TCP and UDP at a Glance
|Connection Handshake||Yes (SYN, SYN-ACK, ACK)||None. PC sends discovery packets to cameras on same subnet|
|Guaranteed Frame delivery||Yes||No|
|Data Retransmission||Yes (hardware layer)||Optional (requires filter driver)|
|Flow Control||Yes (hardware layer)||Optional - Inter-packet delay|
|Receive Side Coalescing / Large Packet Coalescing||Yes||No|
Why Use UDP for the GigE Vision standard?
When GigE Vision was established (2006), camera vendors chose UDP not only for it its efficient streaming performance, but also for its simplicity. UDP could be quickly implemented into the standard and missing reliability features could be added on top of UDP, with those features running at the application level (running in software, utilizing CPU resources on the host PC and the camera’s firmware). These reliability features would also be optional for camera vendors making it even simpler if vendors choose to forgo these features. The GigE Vision standard enables Ethernet devices to communicate using UDP by defining device control, stream, discovery, and feature list mechanisms:
- The GigE Vision Control Protocol (GVCP) defines how GigE Vision applications can configure and establish control over devices.
- The GigE Vision Stream Protocol (GVSP) specifies the different data types and transmission methods used to transfer images from a camera to a PC including an optional packet retransmission feature.
- The GigE Device Discovery Mechanism defines how devices are found on a network.
- An XML file contains the GenAPI description that defines all camera functions. This description is based on the GenICam standard.
In comparison, TCP is a more complicated protocol to implement on the camera, requiring more hardware resources on the camera (larger FPGA room, more on-board memory) as mandatory features, such as packet retransmission, must be implemented on the hardware level. Choosing UDP for GigE Vision ultimately allowed camera vendors flexibility in their Ethernet camera development.
Even though UDP was chosen, camera manufacturers and customers understood that data transfer reliability could not be completely ignored. The GigE Vision standard includes sections on reliability features similar to TCP with these optional features being added to the header of each data packet. The GigE Vision standard includes a GVSP header with sequence information allowing packets of a frame to be sent out-of-order and realigned after delivery. The GVSP header also facilitates packet retransmission if packet is dropped.

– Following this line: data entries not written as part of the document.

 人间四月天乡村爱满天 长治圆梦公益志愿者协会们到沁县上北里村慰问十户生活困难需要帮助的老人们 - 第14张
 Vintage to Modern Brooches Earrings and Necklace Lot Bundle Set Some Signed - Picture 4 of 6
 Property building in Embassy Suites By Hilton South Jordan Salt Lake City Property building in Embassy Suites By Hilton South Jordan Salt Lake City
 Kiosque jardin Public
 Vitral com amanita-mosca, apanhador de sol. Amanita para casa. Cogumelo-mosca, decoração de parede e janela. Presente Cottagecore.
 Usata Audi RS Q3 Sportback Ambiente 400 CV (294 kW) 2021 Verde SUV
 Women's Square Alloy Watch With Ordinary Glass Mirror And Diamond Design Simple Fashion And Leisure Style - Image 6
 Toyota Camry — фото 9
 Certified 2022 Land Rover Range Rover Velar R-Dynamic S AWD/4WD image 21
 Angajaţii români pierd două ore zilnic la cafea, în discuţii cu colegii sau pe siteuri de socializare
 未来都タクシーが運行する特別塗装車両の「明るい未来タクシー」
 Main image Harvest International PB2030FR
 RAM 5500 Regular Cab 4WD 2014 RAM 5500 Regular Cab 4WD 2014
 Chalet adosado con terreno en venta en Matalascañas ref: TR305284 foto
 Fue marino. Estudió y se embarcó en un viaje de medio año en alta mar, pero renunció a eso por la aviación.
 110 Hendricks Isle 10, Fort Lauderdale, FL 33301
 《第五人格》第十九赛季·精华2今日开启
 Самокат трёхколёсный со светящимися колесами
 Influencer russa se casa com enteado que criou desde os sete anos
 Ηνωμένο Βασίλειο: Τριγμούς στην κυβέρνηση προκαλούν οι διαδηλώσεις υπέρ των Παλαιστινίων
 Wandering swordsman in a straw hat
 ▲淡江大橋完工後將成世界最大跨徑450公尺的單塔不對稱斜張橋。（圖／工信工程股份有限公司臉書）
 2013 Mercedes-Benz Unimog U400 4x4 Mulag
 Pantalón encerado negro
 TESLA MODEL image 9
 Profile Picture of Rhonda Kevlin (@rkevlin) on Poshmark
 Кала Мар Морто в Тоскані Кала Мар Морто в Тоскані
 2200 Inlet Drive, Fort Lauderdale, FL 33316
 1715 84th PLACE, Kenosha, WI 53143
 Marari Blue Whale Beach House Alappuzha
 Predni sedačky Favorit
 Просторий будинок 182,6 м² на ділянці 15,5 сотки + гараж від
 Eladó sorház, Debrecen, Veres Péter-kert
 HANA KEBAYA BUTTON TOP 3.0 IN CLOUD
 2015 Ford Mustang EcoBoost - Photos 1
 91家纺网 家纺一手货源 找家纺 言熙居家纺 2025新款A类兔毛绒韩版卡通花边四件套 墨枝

Challenges of UDP for 10GigE Cameras
The current implementation of UDP for GigE Vision was used with 1GigE bandwidth in mind. As mentioned earlier, reliability features missing from UDP are built into the GigE Vision standard on the application layer, meaning any reliability feature that is used will be limited by the amount of available CPU resources on the host, quality of the camera’s software and filter driver, and how robust the camera’s firmware is at handling extra features. For example, for many camera manufacturers, packet retransmission in GigE Vision requires a specialized software driver on the host PC, called a filter driver, to monitor for any missing packets. When a missing packet is noticed by the PC, it sends a retransmission request to the camera. The camera then needs to parse the packet, which usually takes place in the camera’s firmware, and then fetch that packet from the camera’s image buffer. The camera will have to pause normal transmission and retransmit the requested packet. If there are several missing packets, interspersed throughout the frame, this can burden both the PC and camera. However, at 1 Gigabit speeds, CPU and camera resources needed to monitor and resend dropped packets are readily available.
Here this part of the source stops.